Activity.
In the lines below, output everything from the first line through the line containing "Performance Bra - Womens (Eclipse)" exactly as it is. Pictures are not part of the output.

--- Data for review Enclosed Below ---

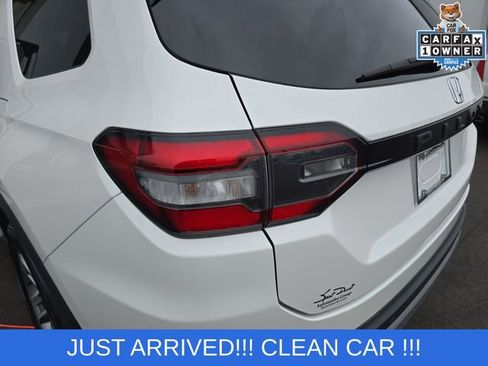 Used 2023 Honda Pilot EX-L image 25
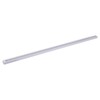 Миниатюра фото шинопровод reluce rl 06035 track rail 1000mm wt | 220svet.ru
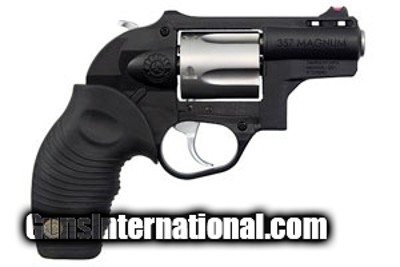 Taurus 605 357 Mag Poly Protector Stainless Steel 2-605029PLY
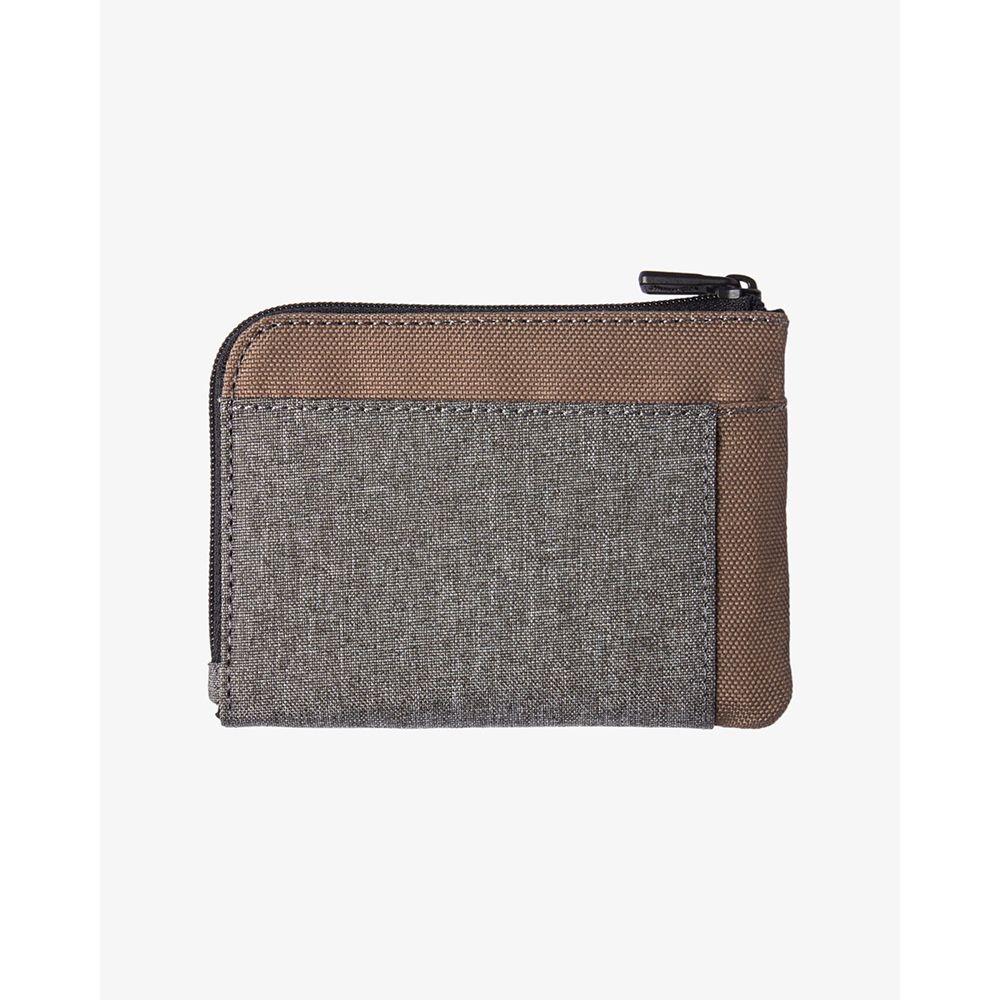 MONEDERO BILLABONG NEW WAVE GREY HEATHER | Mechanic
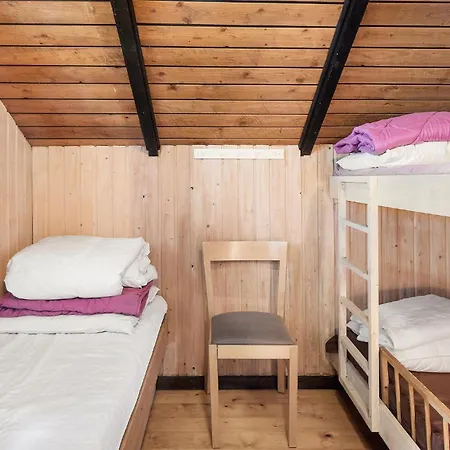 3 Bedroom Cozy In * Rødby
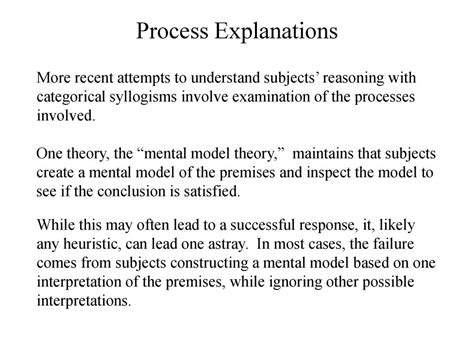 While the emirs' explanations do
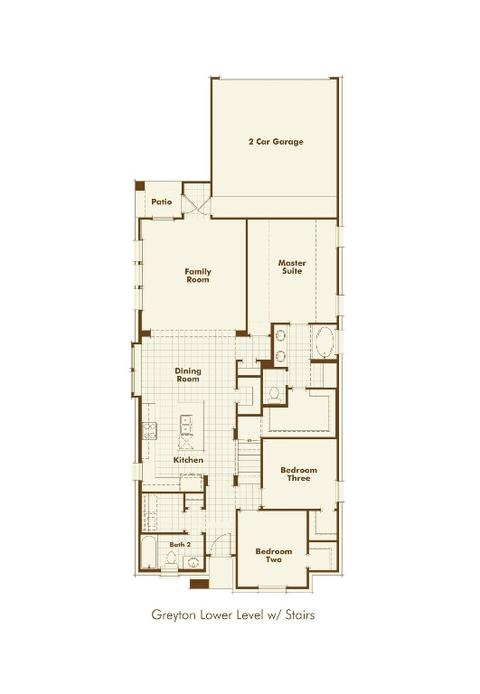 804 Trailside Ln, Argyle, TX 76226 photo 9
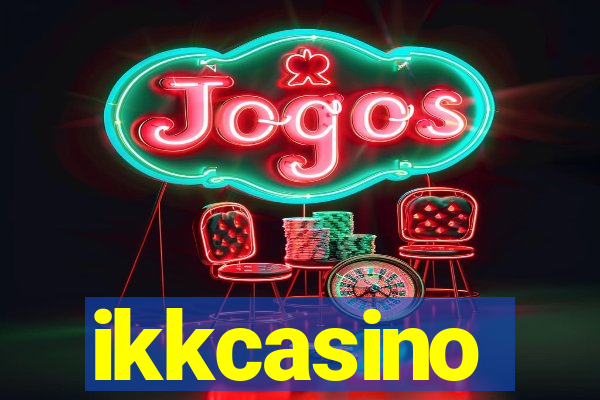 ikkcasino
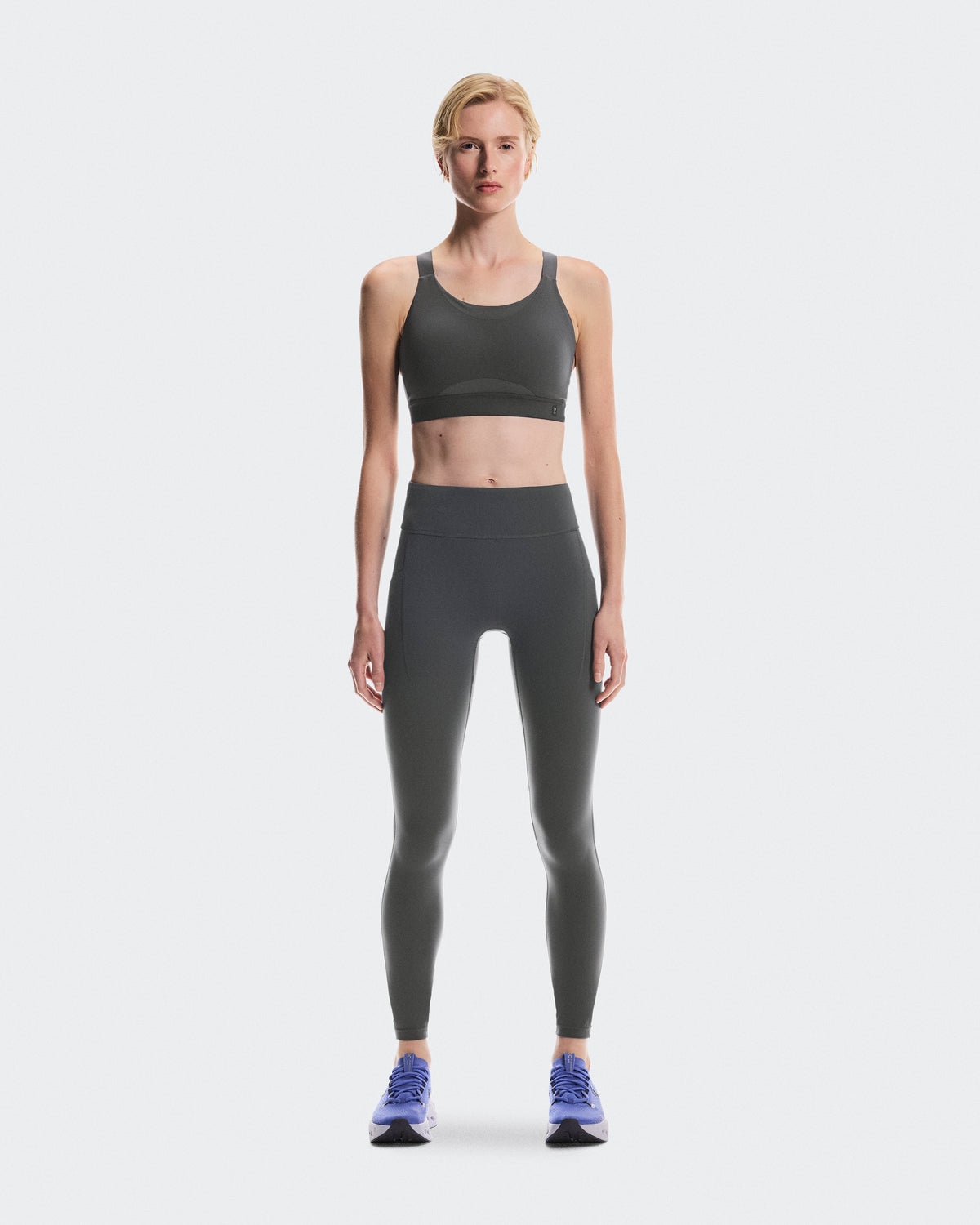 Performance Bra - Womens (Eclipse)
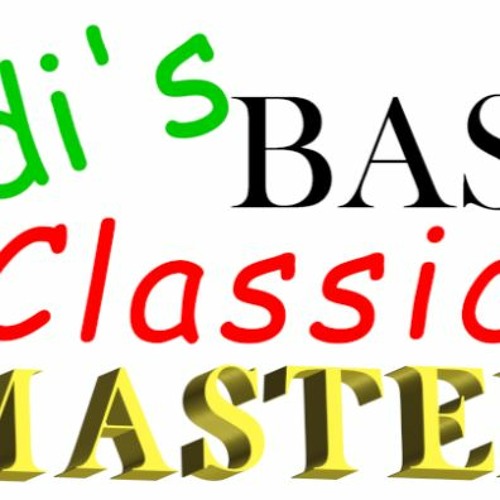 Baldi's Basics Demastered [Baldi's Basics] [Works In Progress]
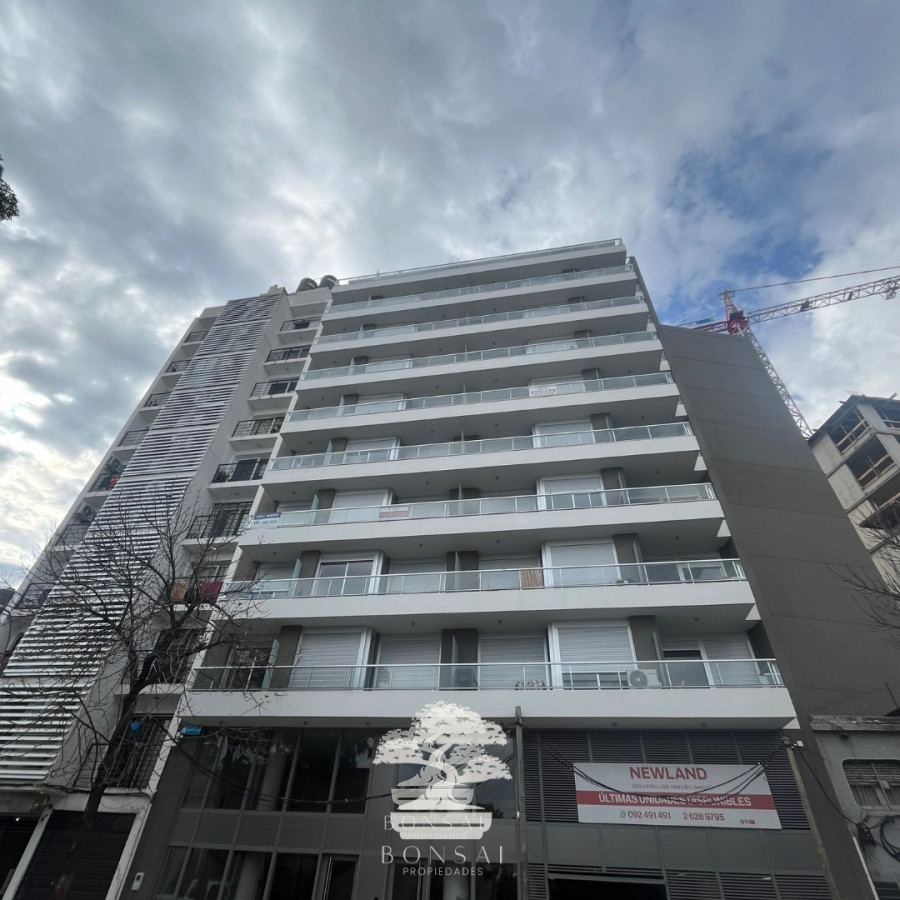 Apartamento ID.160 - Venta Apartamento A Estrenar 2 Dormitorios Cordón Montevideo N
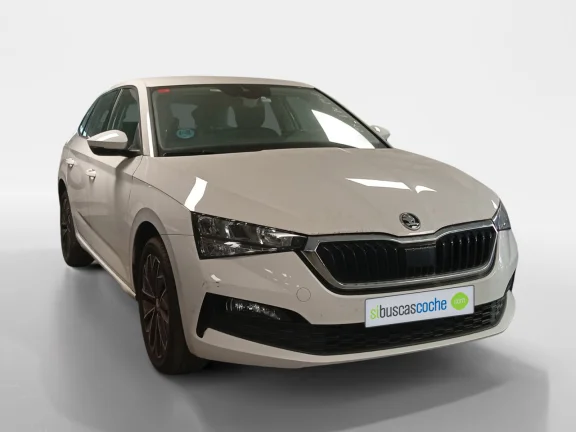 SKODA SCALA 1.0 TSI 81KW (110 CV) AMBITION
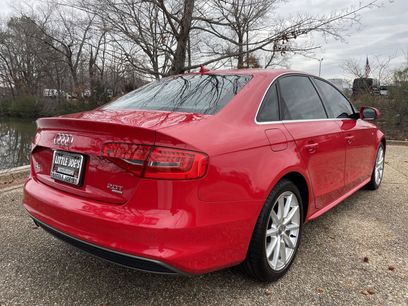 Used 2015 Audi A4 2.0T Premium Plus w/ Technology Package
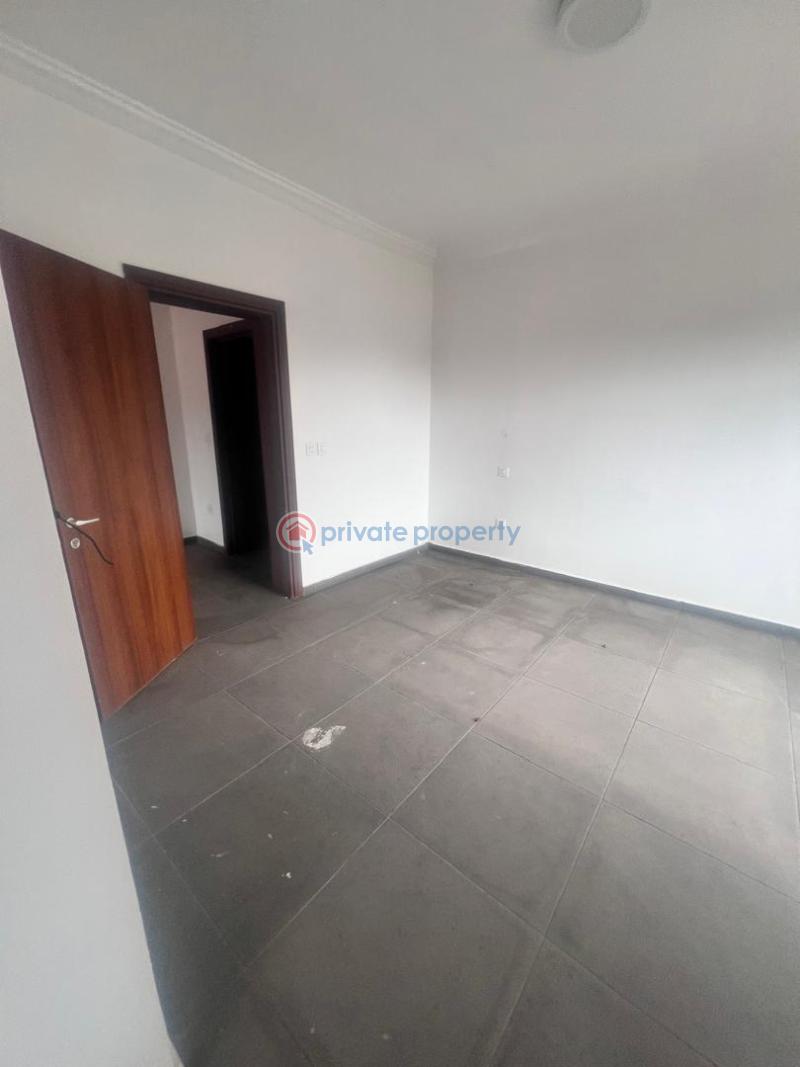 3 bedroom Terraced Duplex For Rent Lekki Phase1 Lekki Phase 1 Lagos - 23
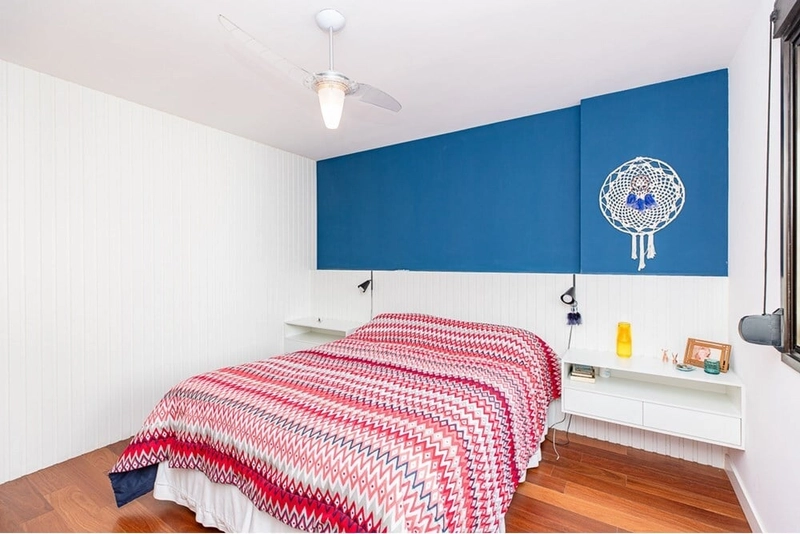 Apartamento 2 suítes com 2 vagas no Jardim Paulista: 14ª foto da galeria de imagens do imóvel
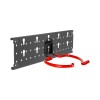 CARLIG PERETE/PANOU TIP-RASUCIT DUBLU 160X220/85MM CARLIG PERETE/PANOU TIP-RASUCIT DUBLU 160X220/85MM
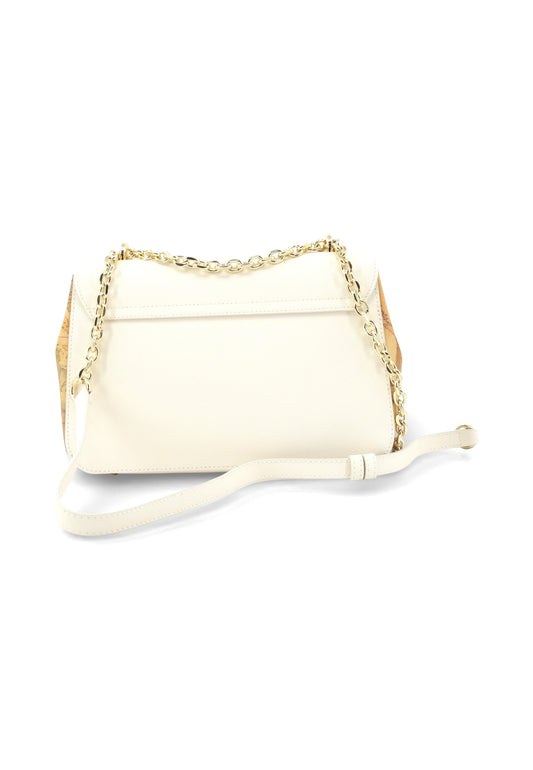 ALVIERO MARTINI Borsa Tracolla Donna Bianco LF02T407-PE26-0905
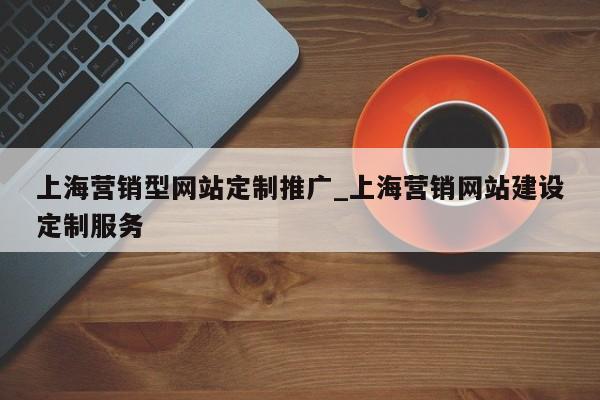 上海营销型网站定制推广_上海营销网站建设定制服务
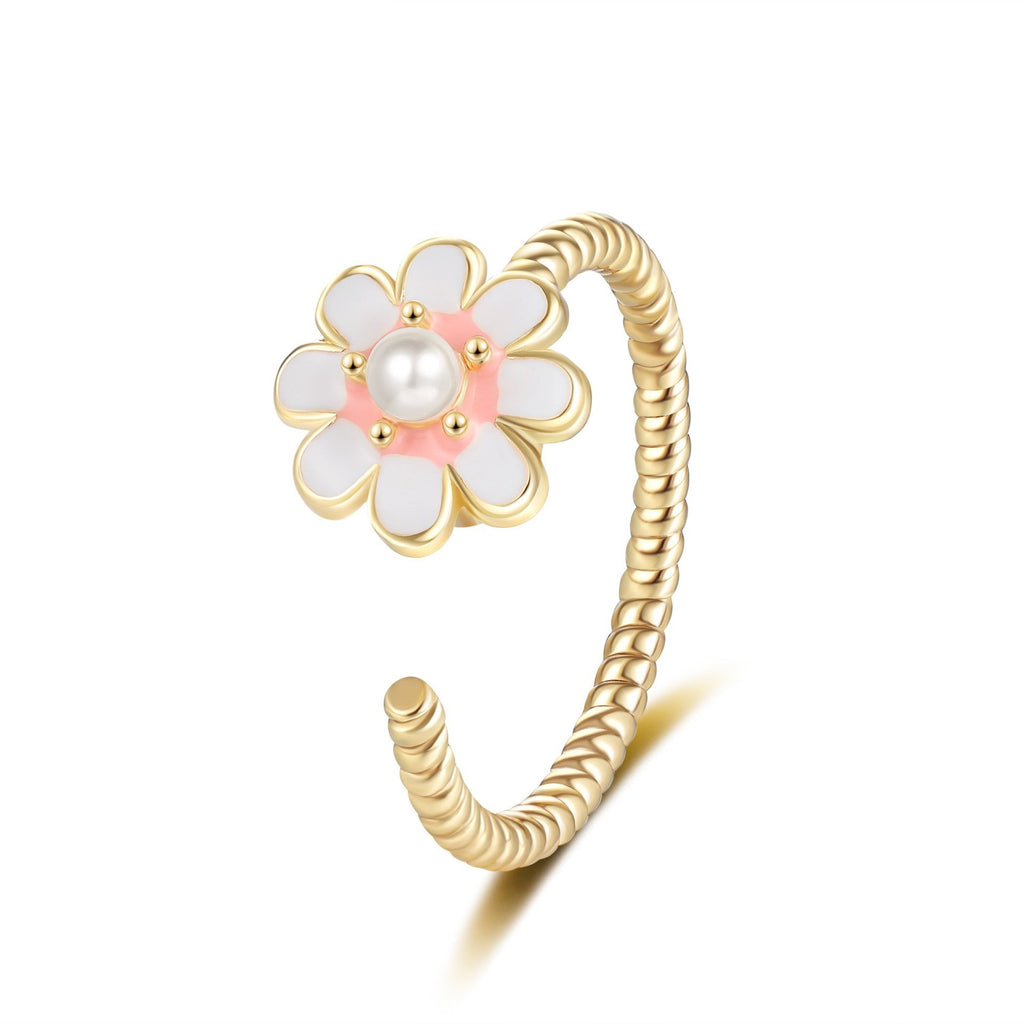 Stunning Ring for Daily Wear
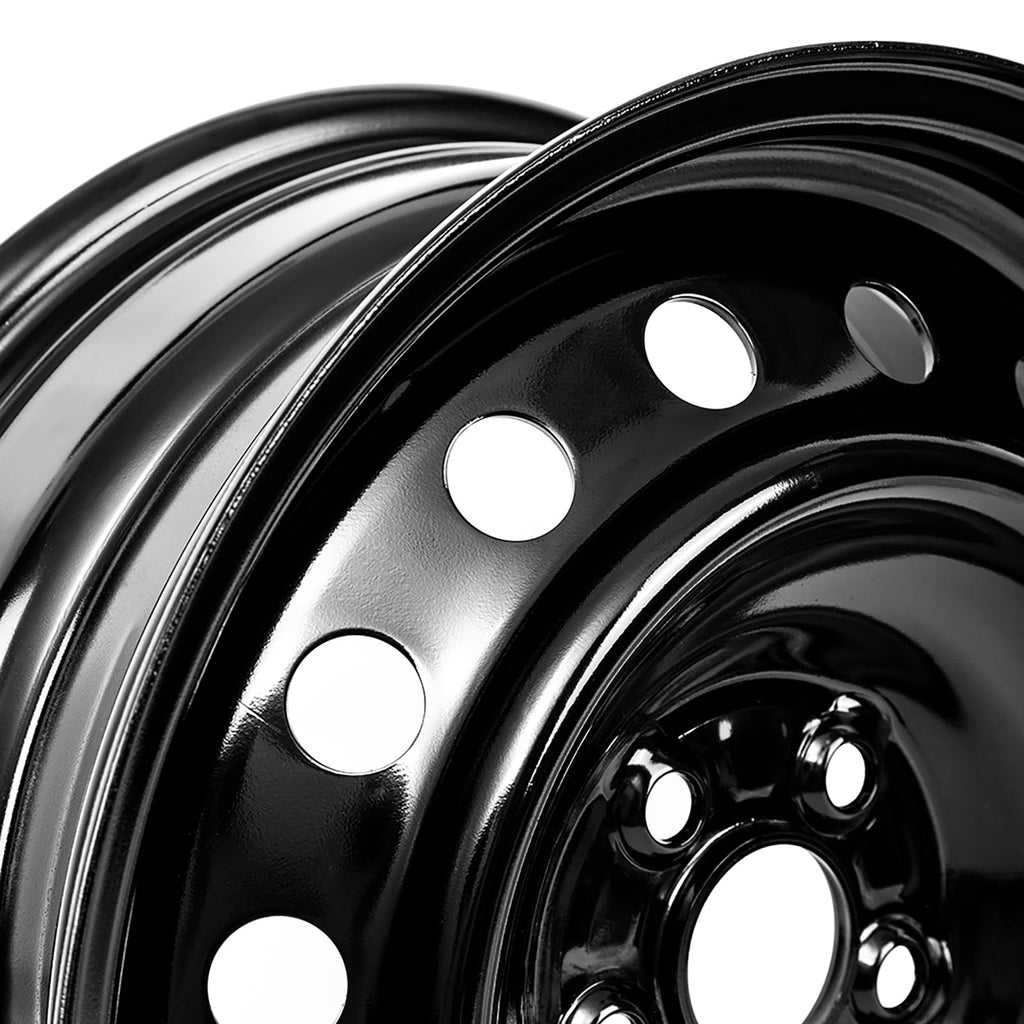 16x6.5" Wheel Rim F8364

--- End of Enclosed Data for review ---

Response to this exercise.
 Used 2023 Honda Pilot EX-L image 25
 Миниатюра фото шинопровод reluce rl 06035 track rail 1000mm wt | 220svet.ru
 Taurus 605 357 Mag Poly Protector Stainless Steel 2-605029PLY
 MONEDERO BILLABONG NEW WAVE GREY HEATHER | Mechanic
 3 Bedroom Cozy In * Rødby
 While the emirs' explanations do
 804 Trailside Ln, Argyle, TX 76226 photo 9
 ikkcasino
 Performance Bra - Womens (Eclipse)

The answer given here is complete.